Die freiwillige Mitgliedschaft endet gem § 191 Nr 3 SGB V mit dem Wirksamwerden der Kündigung. Nach § 175 Abs 4 S 2 bis 4 SGB V ist eine Kündigung der Mitgliedschaft zum Ablauf des übernächsten Kalendermonats möglich, gerechnet von dem Monat, in dem das Mitglied die Kündigung erklärt. Die Krankenkasse hat dem Mitglied unverzüglich, spätestens jedoch innerhalb von zwei Wochen nach Eingang der Kündigung eine Kündigungsbestätigung auszustellen. Die Kündigung wird wirksam, wenn das Mitglied innerhalb der Kündigungsfrist eine Mitgliedschaft bei einer anderen Krankenkasse durch eine Mitgliedsbescheinigung oder das Bestehen einer anderweitigen Absicherung im Krankheitsfall nachweist.
Wie oben bereits ausgeführt, steht für den Senat fest, dass der Nachweis der anderweitigen Absicherung im Krankheitsfall frühestens im Juni 2014 erbracht wurde. Eine Beendigung zum Ablauf des April 2014 war deshalb nicht möglich. Legt man zu Gunsten der Klägerin das neuerliche Schreiben mit der Abrechnung der T., das frühestens im Juni 2014 bei den Beklagten eingegangen ist, als erneute Kündigung aus, kann die Mitgliedschaft frühestens zum 31.08.2014 enden. Dies hat die Beklagte zu 1) rechtmäßig umgesetzt.

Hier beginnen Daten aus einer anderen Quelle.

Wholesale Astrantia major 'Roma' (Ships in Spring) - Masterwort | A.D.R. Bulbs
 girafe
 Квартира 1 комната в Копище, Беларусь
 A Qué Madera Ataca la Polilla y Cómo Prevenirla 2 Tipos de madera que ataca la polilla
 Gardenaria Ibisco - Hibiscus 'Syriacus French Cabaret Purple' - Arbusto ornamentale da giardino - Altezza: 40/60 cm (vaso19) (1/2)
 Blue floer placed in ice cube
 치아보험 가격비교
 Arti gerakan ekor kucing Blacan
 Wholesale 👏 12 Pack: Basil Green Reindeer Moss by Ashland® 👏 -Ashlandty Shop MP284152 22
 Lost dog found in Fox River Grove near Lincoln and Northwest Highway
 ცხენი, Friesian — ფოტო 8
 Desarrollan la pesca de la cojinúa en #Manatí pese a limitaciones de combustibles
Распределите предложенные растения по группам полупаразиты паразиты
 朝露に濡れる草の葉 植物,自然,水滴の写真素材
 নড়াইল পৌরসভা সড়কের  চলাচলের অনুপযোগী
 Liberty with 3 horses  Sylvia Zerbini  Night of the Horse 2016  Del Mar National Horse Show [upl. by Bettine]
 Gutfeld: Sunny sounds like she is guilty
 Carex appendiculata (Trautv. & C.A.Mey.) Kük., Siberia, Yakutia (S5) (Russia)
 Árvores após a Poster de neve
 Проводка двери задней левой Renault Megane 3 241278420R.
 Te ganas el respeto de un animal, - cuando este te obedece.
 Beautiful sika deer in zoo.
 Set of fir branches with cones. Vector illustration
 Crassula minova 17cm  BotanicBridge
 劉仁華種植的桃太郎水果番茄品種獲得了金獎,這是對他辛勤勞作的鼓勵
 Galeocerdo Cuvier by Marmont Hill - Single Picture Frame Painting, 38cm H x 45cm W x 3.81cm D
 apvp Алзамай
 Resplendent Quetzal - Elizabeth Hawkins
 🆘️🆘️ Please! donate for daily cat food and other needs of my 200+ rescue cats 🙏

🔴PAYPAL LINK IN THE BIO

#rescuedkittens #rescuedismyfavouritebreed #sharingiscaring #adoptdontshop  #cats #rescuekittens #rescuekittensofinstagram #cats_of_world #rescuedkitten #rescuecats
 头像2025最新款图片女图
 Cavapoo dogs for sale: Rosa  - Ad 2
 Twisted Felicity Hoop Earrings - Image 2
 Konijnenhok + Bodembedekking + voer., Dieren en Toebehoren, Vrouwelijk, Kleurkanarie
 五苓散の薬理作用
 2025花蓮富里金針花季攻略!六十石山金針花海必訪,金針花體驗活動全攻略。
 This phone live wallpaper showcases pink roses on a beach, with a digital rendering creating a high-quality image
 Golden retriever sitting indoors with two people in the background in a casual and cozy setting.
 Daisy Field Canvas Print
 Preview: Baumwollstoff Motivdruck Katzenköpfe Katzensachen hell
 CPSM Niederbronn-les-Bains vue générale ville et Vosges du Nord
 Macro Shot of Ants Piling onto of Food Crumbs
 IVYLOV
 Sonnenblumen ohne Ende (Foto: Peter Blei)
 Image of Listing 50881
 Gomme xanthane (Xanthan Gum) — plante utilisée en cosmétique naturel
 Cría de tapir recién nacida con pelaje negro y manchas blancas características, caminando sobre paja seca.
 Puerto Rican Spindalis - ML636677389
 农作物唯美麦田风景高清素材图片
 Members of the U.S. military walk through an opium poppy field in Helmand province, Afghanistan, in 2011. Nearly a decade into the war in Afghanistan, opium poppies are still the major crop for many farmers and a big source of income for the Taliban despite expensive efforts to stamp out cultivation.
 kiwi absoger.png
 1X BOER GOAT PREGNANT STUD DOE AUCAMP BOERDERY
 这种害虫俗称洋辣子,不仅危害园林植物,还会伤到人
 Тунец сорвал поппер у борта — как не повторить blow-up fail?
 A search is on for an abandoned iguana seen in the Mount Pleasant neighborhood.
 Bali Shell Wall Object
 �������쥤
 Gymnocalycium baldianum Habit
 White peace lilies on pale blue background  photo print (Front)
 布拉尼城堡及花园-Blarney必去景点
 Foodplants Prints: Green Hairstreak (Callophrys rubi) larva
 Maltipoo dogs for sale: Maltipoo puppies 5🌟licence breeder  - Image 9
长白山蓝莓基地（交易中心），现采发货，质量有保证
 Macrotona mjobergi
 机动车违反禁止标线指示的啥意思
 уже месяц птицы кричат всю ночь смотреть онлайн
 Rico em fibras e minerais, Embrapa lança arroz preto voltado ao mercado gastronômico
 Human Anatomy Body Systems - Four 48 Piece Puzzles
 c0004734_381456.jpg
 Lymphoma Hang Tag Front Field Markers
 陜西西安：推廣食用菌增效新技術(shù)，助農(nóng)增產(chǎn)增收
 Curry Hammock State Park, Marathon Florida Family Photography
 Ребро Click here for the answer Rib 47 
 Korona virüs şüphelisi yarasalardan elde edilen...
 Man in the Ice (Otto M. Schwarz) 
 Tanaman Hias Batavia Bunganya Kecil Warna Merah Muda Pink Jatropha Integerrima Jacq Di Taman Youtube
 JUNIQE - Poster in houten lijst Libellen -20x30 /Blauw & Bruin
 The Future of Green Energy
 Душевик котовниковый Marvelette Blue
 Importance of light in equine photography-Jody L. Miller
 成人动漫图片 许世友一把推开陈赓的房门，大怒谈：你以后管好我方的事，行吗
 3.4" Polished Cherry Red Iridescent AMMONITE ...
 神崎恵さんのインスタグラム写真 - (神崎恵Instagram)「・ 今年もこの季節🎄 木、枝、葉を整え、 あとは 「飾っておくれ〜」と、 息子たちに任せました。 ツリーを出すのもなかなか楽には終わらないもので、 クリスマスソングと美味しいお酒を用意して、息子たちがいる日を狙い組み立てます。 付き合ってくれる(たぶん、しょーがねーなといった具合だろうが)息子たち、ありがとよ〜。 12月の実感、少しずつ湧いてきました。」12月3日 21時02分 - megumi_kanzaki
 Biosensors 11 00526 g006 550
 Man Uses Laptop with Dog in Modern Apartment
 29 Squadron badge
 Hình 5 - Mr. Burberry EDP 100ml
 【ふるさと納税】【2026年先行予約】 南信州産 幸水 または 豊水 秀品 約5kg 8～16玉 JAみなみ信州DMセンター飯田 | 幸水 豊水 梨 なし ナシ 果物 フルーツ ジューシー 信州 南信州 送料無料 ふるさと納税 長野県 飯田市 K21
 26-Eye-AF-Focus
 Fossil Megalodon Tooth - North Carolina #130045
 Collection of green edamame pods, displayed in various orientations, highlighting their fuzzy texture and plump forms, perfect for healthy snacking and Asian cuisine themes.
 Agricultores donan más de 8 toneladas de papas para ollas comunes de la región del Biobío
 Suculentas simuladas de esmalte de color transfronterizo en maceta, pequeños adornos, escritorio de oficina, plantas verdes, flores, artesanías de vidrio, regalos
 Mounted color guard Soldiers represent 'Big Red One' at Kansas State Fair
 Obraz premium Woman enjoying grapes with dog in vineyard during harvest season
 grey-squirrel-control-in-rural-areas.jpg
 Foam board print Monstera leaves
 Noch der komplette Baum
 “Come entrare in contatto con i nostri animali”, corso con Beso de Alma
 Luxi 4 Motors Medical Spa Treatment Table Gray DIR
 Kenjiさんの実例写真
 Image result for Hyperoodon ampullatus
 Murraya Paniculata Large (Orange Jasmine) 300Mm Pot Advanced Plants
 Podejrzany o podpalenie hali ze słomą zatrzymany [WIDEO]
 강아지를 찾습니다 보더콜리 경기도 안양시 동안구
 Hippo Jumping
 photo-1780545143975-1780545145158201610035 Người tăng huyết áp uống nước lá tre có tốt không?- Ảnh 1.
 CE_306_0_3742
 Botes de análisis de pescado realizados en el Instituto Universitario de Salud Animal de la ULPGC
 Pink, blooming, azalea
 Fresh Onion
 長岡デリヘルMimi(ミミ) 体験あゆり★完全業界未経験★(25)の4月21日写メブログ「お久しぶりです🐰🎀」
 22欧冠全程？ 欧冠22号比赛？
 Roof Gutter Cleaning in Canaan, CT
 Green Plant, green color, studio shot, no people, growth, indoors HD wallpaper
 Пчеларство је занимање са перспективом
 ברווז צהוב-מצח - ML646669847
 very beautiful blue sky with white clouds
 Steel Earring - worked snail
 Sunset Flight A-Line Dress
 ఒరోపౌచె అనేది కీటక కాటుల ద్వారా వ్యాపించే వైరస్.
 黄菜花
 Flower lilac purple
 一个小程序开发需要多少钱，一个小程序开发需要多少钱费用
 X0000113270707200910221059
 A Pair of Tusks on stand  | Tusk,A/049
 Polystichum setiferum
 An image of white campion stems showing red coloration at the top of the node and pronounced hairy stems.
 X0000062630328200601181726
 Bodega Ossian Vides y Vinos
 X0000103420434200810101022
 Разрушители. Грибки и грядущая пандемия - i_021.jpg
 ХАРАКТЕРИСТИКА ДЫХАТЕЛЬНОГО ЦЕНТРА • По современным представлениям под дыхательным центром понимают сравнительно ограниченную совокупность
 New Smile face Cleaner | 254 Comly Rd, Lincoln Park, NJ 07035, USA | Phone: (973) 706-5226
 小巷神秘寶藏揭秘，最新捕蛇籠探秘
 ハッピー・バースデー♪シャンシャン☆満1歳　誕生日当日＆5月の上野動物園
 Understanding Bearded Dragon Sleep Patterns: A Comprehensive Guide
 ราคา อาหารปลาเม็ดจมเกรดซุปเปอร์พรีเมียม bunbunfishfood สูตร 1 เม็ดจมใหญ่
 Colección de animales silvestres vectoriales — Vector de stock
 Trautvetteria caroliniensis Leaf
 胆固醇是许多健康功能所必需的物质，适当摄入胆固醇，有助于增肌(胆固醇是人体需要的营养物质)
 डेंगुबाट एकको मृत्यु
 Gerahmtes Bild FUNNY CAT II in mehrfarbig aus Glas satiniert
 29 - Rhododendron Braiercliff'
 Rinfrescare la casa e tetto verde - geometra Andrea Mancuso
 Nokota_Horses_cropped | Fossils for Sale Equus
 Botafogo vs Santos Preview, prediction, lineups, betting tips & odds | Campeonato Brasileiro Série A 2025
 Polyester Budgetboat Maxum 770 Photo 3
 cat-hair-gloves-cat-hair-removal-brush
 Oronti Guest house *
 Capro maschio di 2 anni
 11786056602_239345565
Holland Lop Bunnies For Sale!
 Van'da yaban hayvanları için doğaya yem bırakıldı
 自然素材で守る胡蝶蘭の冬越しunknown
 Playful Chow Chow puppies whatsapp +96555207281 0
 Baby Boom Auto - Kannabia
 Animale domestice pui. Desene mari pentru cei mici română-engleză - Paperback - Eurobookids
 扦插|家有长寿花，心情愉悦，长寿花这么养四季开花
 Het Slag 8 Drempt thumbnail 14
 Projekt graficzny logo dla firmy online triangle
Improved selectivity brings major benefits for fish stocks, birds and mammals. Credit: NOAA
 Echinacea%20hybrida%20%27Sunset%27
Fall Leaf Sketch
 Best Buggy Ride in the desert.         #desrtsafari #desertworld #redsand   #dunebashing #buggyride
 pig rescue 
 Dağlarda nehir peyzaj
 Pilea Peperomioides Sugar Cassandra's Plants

Für die Beendigung der Mitgliedschaft in der Kranken- und Pflegeversicherung spielt eine Zahlungsunfähigkeit bzw das Unvermögen, Beitragsansprüche zu befriedigen, keine Rolle.
Die Kostenentscheidung beruht auf § 193 SGG.
Gründe für die Zulassung der Revision liegen nicht vor (§ 160 Abs 2 Nr 1 und 2 SGG).